Transcranial Direct Current Stimulation and Extinction in Obsessive Compulsive Disorder

May 19, 2026 updated by: Thomas Adams, PhD, Yale University

Characterization and Modulation of Functional Connectivity and Fear Extinction Abnormalities in Obsessive-Compulsive Disorder

Obsessive-compulsive disorder (OCD) is associated with substantial impairments in quality of life and is among the most disabling psychiatric disorders. Exposure therapy is among the first-line of treatments for obsessive-compulsive disorder (OCD) . Extinction learning is thought to be a core mechanism of therapeutic exposure. Fear and safety signal learning are traditionally associated with activity and connectivity within the canonical corticolimbic "fear circuit", which includes the amygdala, medial prefrontal cortex (mPFC), and hippocampus. Transcranial direct current stimulation (tDCS) is a neuromodulation technology that can augment brain plasticity, learning, and memory. The proposed study will test if obsessive-compulsive disorder (OCD) is associated with inhibitory safety learning deficits and if transcranial direct current stimulation (tDCS) normalizes functional connectivity and safety signal processing to recover extinction deficits in obsessive-compulsive disorder (OCD).

Study Overview

Status

Recruiting

Conditions

Intervention / Treatment

Detailed Description

The proposed study aims to test if obsessive-compulsive disorder (OCD) is associated with dyconnectivity between the default mode network (DMN) and salience network (SN) (Aim 1), if obsessive-compulsive disorder (OCD) is associated with extinction learning deficits (Aim 2), and if front-polar transcranial direct current stimulation (tDCS) normalizes dysconnectivity and extinction learning in obsessive-compulsive disorder (OCD) (Aim 3).

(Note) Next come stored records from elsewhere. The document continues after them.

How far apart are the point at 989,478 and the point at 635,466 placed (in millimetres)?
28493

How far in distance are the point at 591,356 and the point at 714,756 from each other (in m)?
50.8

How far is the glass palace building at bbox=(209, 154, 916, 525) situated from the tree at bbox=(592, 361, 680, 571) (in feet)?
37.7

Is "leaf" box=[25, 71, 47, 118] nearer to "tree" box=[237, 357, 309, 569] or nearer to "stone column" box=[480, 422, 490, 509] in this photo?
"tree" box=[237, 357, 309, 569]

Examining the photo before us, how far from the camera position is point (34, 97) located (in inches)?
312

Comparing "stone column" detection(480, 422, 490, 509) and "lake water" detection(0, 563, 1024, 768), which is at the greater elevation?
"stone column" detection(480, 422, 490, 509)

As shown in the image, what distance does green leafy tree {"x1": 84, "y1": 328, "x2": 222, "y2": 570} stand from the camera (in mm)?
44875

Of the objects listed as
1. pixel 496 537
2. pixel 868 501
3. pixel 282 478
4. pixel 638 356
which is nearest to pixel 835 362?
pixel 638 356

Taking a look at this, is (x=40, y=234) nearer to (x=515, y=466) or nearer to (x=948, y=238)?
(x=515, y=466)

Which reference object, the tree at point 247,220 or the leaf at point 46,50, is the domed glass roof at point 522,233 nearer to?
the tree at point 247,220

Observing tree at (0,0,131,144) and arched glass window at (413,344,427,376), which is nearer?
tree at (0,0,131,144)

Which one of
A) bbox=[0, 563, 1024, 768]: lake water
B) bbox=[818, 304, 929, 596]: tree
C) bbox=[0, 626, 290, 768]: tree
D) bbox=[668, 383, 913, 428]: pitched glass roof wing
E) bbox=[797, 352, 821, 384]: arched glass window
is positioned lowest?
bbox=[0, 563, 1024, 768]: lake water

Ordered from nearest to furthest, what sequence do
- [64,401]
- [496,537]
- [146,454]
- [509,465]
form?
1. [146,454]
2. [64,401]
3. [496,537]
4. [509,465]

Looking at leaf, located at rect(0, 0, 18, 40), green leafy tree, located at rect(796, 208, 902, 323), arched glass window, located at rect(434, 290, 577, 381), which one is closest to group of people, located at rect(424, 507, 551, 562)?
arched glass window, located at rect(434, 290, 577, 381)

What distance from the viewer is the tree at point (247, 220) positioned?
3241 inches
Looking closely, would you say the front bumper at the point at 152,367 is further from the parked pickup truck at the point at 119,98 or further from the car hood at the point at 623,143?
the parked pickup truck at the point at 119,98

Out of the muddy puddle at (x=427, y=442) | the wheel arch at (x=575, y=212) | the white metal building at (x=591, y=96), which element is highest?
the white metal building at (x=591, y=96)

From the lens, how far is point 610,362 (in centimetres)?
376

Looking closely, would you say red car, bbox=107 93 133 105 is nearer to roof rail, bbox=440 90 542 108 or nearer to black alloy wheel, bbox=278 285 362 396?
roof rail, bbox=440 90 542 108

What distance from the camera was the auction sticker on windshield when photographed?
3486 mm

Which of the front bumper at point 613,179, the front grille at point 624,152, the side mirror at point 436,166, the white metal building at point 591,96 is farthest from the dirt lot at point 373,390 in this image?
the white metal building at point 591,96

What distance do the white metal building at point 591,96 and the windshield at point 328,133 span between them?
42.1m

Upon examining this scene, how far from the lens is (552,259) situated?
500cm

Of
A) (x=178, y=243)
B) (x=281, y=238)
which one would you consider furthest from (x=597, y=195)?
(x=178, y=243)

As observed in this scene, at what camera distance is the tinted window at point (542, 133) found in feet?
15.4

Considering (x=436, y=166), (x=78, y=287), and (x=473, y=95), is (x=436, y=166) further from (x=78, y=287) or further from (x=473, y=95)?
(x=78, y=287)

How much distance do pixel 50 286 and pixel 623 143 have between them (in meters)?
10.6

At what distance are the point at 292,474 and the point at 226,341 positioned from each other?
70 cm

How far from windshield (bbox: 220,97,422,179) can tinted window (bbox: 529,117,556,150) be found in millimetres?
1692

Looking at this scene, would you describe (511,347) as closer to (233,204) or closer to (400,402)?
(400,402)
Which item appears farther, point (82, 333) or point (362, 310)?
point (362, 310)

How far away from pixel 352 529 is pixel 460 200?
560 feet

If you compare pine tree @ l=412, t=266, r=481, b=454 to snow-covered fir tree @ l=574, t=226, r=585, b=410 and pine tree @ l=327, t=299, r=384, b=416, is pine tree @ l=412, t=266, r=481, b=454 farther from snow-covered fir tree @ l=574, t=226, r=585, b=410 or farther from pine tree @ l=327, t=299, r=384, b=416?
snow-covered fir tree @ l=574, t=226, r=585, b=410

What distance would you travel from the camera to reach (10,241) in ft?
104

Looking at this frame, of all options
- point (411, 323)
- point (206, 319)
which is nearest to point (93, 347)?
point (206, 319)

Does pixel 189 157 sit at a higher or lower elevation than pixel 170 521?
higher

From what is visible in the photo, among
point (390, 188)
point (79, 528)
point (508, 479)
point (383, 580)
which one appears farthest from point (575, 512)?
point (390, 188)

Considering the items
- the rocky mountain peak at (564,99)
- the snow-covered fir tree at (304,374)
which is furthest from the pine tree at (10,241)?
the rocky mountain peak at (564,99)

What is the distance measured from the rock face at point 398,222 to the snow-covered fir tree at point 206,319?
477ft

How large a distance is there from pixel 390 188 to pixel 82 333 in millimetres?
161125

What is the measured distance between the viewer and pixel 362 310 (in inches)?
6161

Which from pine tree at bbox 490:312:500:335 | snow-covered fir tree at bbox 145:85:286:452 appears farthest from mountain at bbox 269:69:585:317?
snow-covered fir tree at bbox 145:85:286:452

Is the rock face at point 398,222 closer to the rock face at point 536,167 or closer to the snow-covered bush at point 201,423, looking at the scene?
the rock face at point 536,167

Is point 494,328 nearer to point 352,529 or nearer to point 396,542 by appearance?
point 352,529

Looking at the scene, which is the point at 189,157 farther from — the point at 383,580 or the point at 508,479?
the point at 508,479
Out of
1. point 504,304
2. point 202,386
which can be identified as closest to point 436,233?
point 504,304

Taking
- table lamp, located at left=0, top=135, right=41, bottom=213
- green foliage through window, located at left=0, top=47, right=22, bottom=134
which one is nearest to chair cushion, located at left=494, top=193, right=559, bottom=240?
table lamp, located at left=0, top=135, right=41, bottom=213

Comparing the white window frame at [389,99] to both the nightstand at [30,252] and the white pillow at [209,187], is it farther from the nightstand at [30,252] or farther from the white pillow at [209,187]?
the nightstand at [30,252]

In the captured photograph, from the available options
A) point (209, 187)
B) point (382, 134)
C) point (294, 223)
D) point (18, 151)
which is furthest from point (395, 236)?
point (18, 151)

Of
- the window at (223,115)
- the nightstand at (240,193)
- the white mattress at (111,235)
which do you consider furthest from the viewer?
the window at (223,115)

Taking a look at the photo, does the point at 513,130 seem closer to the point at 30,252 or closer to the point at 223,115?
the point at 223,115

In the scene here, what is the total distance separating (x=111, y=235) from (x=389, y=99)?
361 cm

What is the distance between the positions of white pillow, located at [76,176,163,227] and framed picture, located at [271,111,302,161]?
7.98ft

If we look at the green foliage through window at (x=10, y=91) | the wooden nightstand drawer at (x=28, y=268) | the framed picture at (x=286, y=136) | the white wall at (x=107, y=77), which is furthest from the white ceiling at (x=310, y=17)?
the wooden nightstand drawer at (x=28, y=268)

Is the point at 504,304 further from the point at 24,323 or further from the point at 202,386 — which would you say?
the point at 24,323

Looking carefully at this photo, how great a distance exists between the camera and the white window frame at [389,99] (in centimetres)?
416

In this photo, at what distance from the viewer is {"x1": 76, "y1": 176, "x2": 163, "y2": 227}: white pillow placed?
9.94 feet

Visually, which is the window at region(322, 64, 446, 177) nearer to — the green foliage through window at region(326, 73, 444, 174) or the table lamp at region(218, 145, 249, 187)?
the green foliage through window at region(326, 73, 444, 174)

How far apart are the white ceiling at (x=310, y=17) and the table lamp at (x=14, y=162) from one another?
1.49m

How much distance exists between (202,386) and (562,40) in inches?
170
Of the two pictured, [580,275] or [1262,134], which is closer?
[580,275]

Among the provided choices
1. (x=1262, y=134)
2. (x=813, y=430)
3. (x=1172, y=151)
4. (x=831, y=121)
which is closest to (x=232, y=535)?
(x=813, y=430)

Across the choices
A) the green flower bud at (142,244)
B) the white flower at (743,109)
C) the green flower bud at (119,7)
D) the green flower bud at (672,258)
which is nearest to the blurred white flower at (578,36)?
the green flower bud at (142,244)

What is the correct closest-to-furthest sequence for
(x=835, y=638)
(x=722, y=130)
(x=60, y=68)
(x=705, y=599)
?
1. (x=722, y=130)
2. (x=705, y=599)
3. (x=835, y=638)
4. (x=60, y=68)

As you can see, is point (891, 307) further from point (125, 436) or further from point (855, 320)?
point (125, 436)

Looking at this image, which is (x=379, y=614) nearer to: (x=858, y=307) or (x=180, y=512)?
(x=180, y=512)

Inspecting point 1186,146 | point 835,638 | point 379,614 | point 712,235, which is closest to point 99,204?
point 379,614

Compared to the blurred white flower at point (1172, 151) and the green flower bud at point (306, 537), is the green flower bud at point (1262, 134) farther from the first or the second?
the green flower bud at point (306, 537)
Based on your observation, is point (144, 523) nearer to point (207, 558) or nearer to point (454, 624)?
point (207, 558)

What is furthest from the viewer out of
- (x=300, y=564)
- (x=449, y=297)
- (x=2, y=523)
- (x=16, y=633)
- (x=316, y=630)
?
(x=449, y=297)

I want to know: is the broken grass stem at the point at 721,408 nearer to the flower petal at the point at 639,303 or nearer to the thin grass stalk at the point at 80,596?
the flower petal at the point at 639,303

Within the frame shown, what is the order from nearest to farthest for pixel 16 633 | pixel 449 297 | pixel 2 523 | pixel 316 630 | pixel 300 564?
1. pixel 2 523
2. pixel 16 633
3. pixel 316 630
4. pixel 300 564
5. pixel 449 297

This study will randomize 180 adults with obsessive-compulsive disorder (OCD) (n=120) and matched non-clinical controls (n=60) for aims 1-3. After providing informed consent, baseline screening, and clinical characterization, participants would complete a three-day experiment. On day 1, all participants would complete structural and resting functional magnetic resonance imaging (fMRI) scans followed by standardized fear conditioning procedures with functional magnetic resonance imaging (fMRI) and measures of fearful responding (i.e., skin conductance response [SCR] and threat expectancy ratings). Participants would be conditioned to two different conditioned stimuli (CS+; CS+A and CS+B) by pairing each CS+ with an aversive shock (unconditioned stimulus [US]) at a 50% schedule of reinforcement. A third, neutral stimulus (CS-), would never be paired with the US. On day 2, participants would complete extinction training for the CS+A, then participants with obsessive-compulsive disorder (OCD) would be randomized (1:1, stratified, double-blind) to receive active or sham multifocal frontopolar transcranial direct current stimulation (tDCS) with resting functional magnetic resonance imaging (fMRI) before, during, and after transcranial direct current stimulation (tDCS). Blocked randomization, stratified by sex, age, and current psychiatric medication usage, would be implemented by an individual who would have no direct contact with the participants and no knowledge of the assignment to the group labels. Participants and assessors will be blind to allocation. All non-clinical controls would not receive any transcranial direct current stimulation (tDCS). Next, extinction training for the CS+B would be completed. On day 3, return of fear testing (spontaneous recovery, context renewal, and reinstatement) would be completed.

Transcranial direct current stimulation (tDCS) would be administered using a battery-driven, Soterix© transcranial electric stimulator. A single anode would be placed over the frontal pole and five return electrodes would be arranged in a circumferential array. Positively charged e-fields produced by this montage would concentrate over the medial frontal pole. Participants in the active-transcranial direct current stimulation (tDCS) condition would receive 20-minutes of offline (while resting with eyes open) frontopolar transcranial direct current stimulation (tDCS) (30-seconds ramp in/out). Participants in the sham-transcranial direct current stimulation (tDCS) condition would receive 30-seconds ramp in/out followed by 20-minutes of no stimulation.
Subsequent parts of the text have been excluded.